● **TASK REQUIREMENTS**:
Line by line, output the data that follows exactly as written.

BEGIN

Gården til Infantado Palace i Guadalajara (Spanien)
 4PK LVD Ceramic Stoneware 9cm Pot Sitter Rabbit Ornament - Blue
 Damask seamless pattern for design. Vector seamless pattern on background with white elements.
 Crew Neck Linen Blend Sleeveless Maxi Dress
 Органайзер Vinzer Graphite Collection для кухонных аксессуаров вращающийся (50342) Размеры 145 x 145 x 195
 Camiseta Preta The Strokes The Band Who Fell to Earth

END

● **RESULT OF THE EXERCISE**:
Gården til Infantado Palace i Guadalajara (Spanien)
 4PK LVD Ceramic Stoneware 9cm Pot Sitter Rabbit Ornament - Blue
 Damask seamless pattern for design. Vector seamless pattern on background with white elements.
 Crew Neck Linen Blend Sleeveless Maxi Dress
 Органайзер Vinzer Graphite Collection для кухонных аксессуаров вращающийся (50342) Размеры 145 x 145 x 195
 Camiseta Preta The Strokes The Band Who Fell to Earth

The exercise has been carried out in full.